TiMER

A couple months ago I watched a movie called TiMER.  It's a science-fiction romantic-comedy in which there's a little device people can get attached to their wrist that counts down to when they'll meet their soul mate.  When they get it installed, the timer will show X-years:X-months:X-days until they are to meet their match.  On the day you're to meet your soul mate, it notifies you and then when you meet them it alerts you.  Interesting, huh?


As I was watching this movie, I kept thinking what a grand, dangerous, wonderful, powerful, useful tool this timer is.  Wouldn't it be great?  No longer would we have to have to date around and waste our time on petty relationships.  We could skip heartbreaks and break-ups.  The waiting we do for Mr./Mrs. Right wouldn't be seemingly in vain because we'd know that in just 1.5 years or a few more months we'd meet the one.  It'd save us a lot of time.

But would I get that timer?  Some days I say 'yes', others I say 'no'.  Some days I just want certainty as to whether I am getting married, because now the verdict is still out on that one (not because I'm 24 and unmarried but because I don't believe there's a guarantee of anyone getting married/having a partner).  If I were to get a timer, I would at least know 'ya' or 'nay' to me ever getting married and wouldn't have to live with that question.

But for the days I say 'no' to the (pretend) option of getting a timer, I'm probably stronger.  On those days, I would be living life!  I wouldn't be waiting around watching my wrist, counting down to when Mr. Right comes into my life.  I wouldn't become a lady in waiting: just sitting pretty waiting for him to come before I start living.  What kind of existence is that?!  This is 2012, women can exist and live fully without men overseeing.  On days when I say 'no' to the timer, I'm realizing how blessed I am to have such fantastic people surrounding me, and how blessed I am to have nothing, no husband, no kids, no mortgage, to keep me here.  I could up and move to another country without worry about if my husband can find a job.  This kind of freedom is priceless and I want to bask in it as much as possible.
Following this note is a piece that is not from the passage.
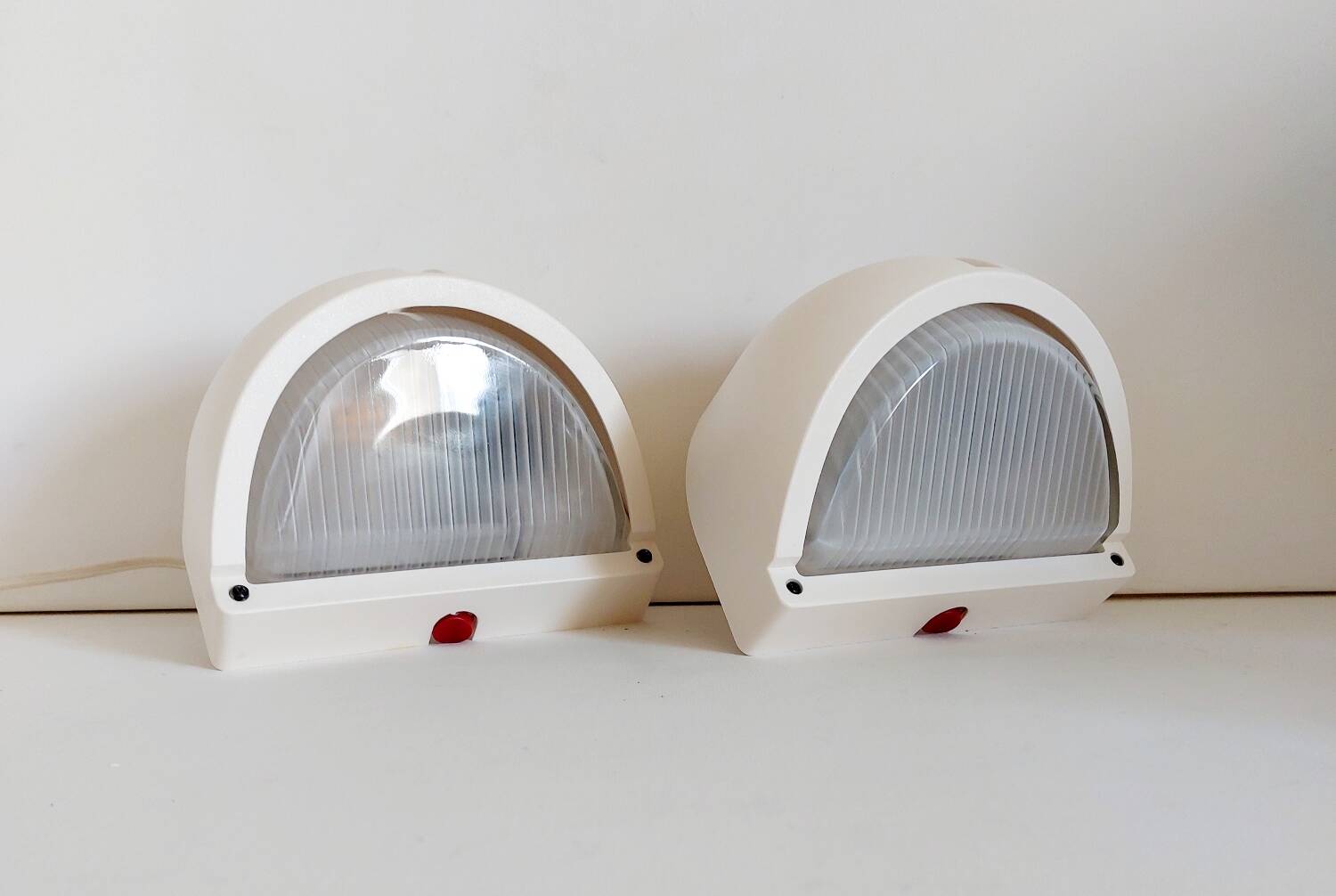 Pair of Italian designer wall lights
While the idea of a countdown timer is understandably grand, I think it takes all our faith away.  It answers too many questions for us, it takes away our freewill; our freewill to live life with adventure and wonder.  Wonder that comes when we've grown and improved on our own accord instead of the extrinsic pressure of preparing for one's mate.  Not having a timer gives us the opportunity to live as if each of our lives is important, with or without a companion.